Beta Feedberry sedang dalam pengembangan aktif. Seluruh konten dapat diakses gratis.

7 MEI 2026
FEEDberryBISNIS · PASAR · KEBIJAKAN · INDONESIA

Intelijen keuangan AI untuk Indonesia.

APINDO Peringatkan Risiko Inflasi Pangan Baru dari Impor Gandum via BUMN

Foto: Kontan — Gambar diambil dari sumber artikel asli untuk menghindari kesalahan informasi visual.

Beranda / Kebijakan / APINDO Peringatkan Risiko Inflasi Pangan Baru dari Impor Gandum via BUMN
Kebijakan

APINDO Peringatkan Risiko Inflasi Pangan Baru dari Impor Gandum via BUMN

Tim Redaksi Feedberry ·4 Mei 2026 pukul 11.48 · Confidence 5/10 · Sumber: Kontan ↗
Feedberry Score
8 / 10

Kebijakan impor gandum pakan via BUMN berpotensi langsung menaikkan biaya pakan, yang dominan dalam biaya produksi peternakan, sehingga berisiko memicu inflasi pangan baru dan menekan margin industri hilir secara luas.

Urgensi 7
Luas Dampak 8
Dampak Indonesia 9

Ringkasan Eksekutif

APINDO menyoroti potensi kenaikan harga pakan ternak akibat kebijakan impor gandum pakan yang diarahkan melalui BUMN berdasarkan Permendag 11/2026. Wakil Ketua APINDO, Chandra Wahjudi, menyatakan bahwa jika harga yang ditawarkan BUMN tidak kompetitif, kebijakan ini berpotensi menaikkan harga pangan, memperbesar inflasi, serta menekan margin industri pakan dan peternakan.
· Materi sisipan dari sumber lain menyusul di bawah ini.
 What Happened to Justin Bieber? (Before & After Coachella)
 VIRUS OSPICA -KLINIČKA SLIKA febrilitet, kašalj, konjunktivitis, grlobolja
Data yang dihimpun Kontan menunjukkan harga gandum pakan melalui skema tersebut mencapai sekitar US$ 370–375 per ton, lebih tinggi dibandingkan impor langsung oleh pelaku usaha yang berkisar US$ 270 per ton. Selisih harga ini berpotensi menggerus margin industri pakan dan berdampak pada kenaikan harga produk turunan seperti daging ayam, telur, daging sapi, hingga ikan. Kondisi ini menambah tekanan inflasi pangan di tengah daya beli rumah tangga yang masih rapuh.

Kenapa Ini Penting

Kebijakan yang bertujuan menjaga stabilitas harga justru berpotensi menciptakan distorsi harga baru di sektor hulu pakan. Mengingat biaya pakan menyumbang lebih dari 50–65% dari total biaya produksi peternakan, kenaikan harga bahan baku impor akan langsung mendorong kenaikan harga protein hewani yang dikonsumsi masyarakat luas. Ini menjadi risiko inflasi pangan baru yang dapat memperburuk daya beli rumah tangga berpendapatan rendah dan membatasi ruang BI untuk melonggarkan suku bunga.

Dampak Bisnis

  • Industri pakan dan peternakan: Margin tertekan langsung akibat selisih harga gandum pakan US$ 100–105 per ton antara skema BUMN dan impor langsung. Pelaku usaha skala kecil dan menengah yang tidak memiliki akses impor mandiri akan paling terpukul.
  • Konsumen rumah tangga: Kenaikan biaya pakan akan diteruskan ke harga daging ayam, telur, daging sapi, dan ikan. Inflasi pangan yang meningkat akan menekan daya beli, terutama kelompok berpendapatan rendah yang menghabiskan proporsi lebih besar untuk pangan.
  • Emiten peternakan dan pakan di BEI: Perusahaan seperti CPIN, JPFA, MAIN, dan lainnya yang bergantung pada bahan baku impor akan menghadapi tekanan biaya. Jika selisih harga tidak dapat sepenuhnya dibebankan ke konsumen, margin laba bersih berpotensi menyempit dalam laporan keuangan kuartal mendatang.

Yang Perlu Dipantau

  • Yang perlu dipantau: Harga gandum pakan aktual yang ditetapkan BUMN — apakah selisih dengan harga pasar impor langsung dapat ditekan melalui efisiensi atau subsidi silang.
  • Risiko yang perlu dicermati: Respons pelaku industri pakan dan peternakan — apakah akan ada penurunan produksi, efisiensi tenaga kerja, atau aksi mogok yang dapat mengganggu pasokan protein hewani nasional.
  • Sinyal penting: Data inflasi pangan bulanan BPS dan harga pangan harian Bapanas — kenaikan harga daging ayam, telur, atau daging sapi akan menjadi indikator awal transmisi kebijakan ini ke konsumen.

Analisis ini dibuat oleh sistem AI Feedberry berdasarkan sumber berita publik dan tidak merupakan saran investasi atau keputusan bisnis. Selalu verifikasi dengan sumber primer.